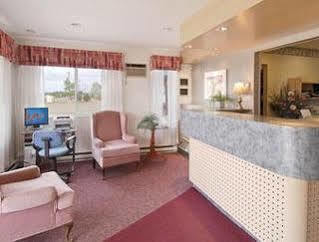 Ramada Limited Dawson Creek Hotel Exterior photo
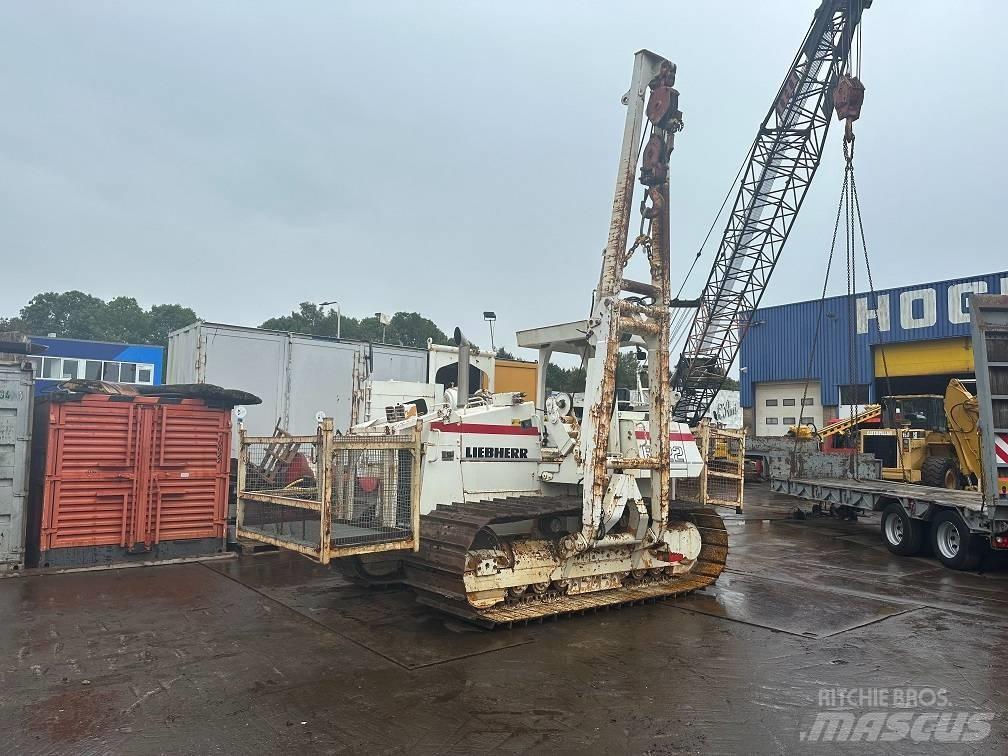 Liebherr RL 22 B Posatubi cingolati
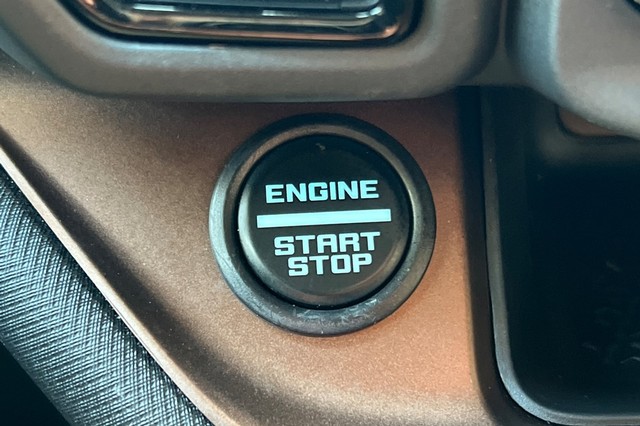 Ford Bronco Sport Vehicle Full-screen Gallery Image 33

--

**Your objective**
I would like you to set down the lines above, from the one containing "Liebherr RL 22 B Posatubi cingolati" to the final line, exactly as written and without pictures.

**Answer space**
 Liebherr RL 22 B Posatubi cingolati
 Ford Bronco Sport Vehicle Full-screen Gallery Image 33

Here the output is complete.